Our research there hopes to build a bridge between knowledge from the past, including really deep time knowledge. What’s happening with communities today who are on the front lines of the climate crisis and what can this help us do in the future when we know conditions are going to worsen in many ways, especially for communities who produce a majority of their own food—fishing communities, pastoral communities, agricultural communities. They are going to be most directly impacted and have the least amount of buffer when it comes to intensifying climate change.
A lot of my projects do involve traditional archeological methods like surveys and excavating sites and analyzing the material culture that we recover, but we also rely very heavily on oral histories, technologies like remote sensing and machine learning, and geochemical methods to better understand past environments.
What has been the response of the communities you’ve worked with? How do you foster effective collaboration?
Anthropology and archeology do not have a great track record of being community centered. At worst, there are a lot of experiences in which archeologists and anthropologists have done a lot of harm.
As somebody who was adopted and who moved around a lot, I think the way I operate as a researcher and a scientist is very much tied to that sense of having to find a way to create and become part of communities wherever I go.
This is paired with the fact that, as a graduate student, I felt very much like an imposter in the discipline. I didn’t study any anthropology as an undergraduate. I studied classics and environmental science, and I majored in classical archeology. When I came into the Ph.D. program, I had almost no experience with excavation. Archeology is also a predominantly white field, so there wasn’t really anybody who looked like me. It was difficult to find and identify many mentors who could help me feel like I had a place there.
But the result of that is when I went to Madagascar to start doing reconnaissance for a potential Ph.D. project in 2011, I went in thinking, ‘I don’t know anything. I need to find people who are willing to teach me.’ I knew I wanted to work on Madagascar in part because I had grown up there and I wanted to go back as a professional to tackle some of the questions about environment and how ancient communities had influenced and shaped Madagascar’s really unique environment.
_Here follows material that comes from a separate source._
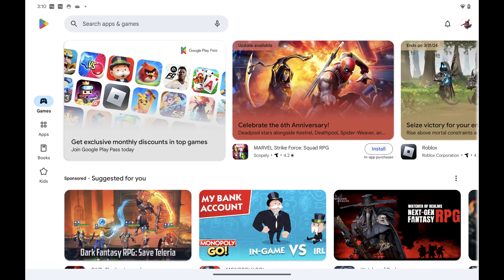Step 1. Open the Google Play app on your Android device. You'll land on your Google Play home screen.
I approached people in these local communities as leading experts on the landscape, environment, and cultural and social contexts.
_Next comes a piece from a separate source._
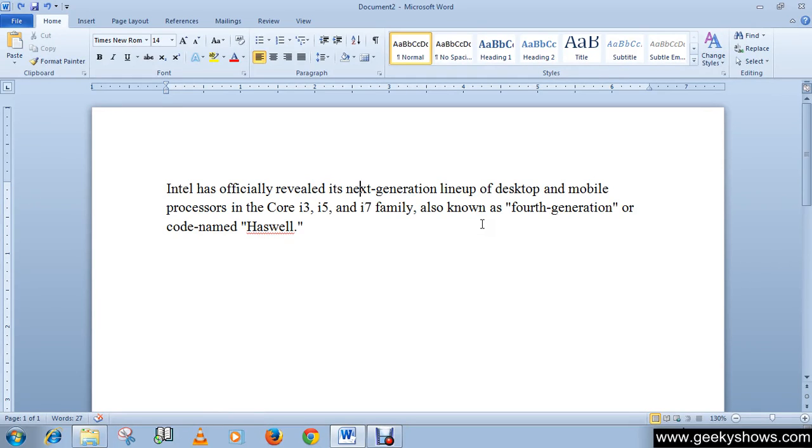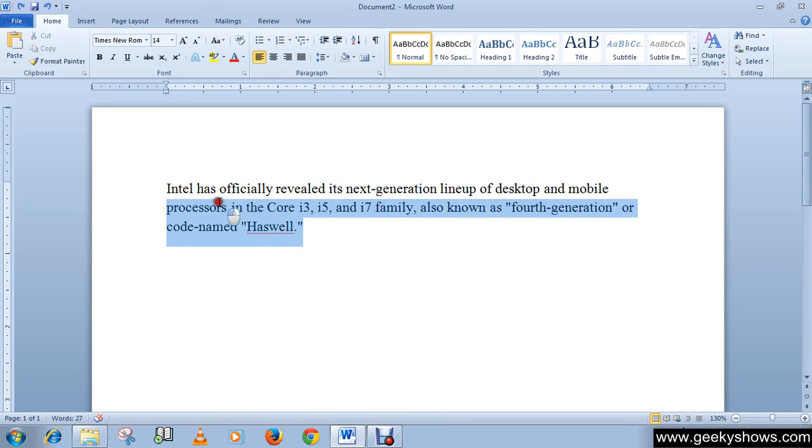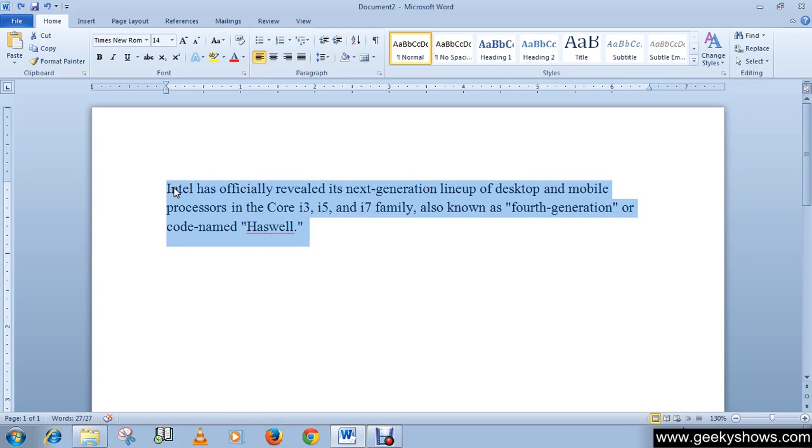In this tutorial we will learn how to add the border. Select the text around which you wish to have a border. Click on the drop-down arrow of border command in the paragraph group on the Home tab.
I have built a wonderful set of collaborations with communities in the Velondriake Marine Protected Area in the years since. It’s about 35 different villages in Commune de Befandefa. All the decisions we make about the project are community-driven. I’ve learned that real collaboration involves not only bringing people to the table, so to speak, but also relinquishing power over decision-making and over establishing what the overall goals are.
Of course it’s not a perfect process. In 2019, we wrote a paper together in which we examined critically the degree to which we were a collaborative and community-centered project. It was a really illuminating exercise.
What current initiatives or projects are you most excited about?
One project that is really exciting is the Vezo Ecological Knowledge Exchange. Vezo are communities of fishers on the southwest coast of Madagascar, which many of our collaborators would identify with. This project started as a two-week travel exchange where we got funding internally at Penn State at the time to bring a team of eight delegates from southwest Madagascar to the U.S. We spent one week at Penn State and one week at the Smithsonian.
The idea was, on the U.S. side of the team, we always get this opportunity to go to Madagascar and be hosted by community members there and to work on the project. But then we take our samples and we leave to do analysis, processing, deal with our grants and funding, and work on the publications. What we learned from that self-critique paper was that as soon as the team splits off, that degree of knowledge- and power-sharing drops, and so the project is no longer really collaborative.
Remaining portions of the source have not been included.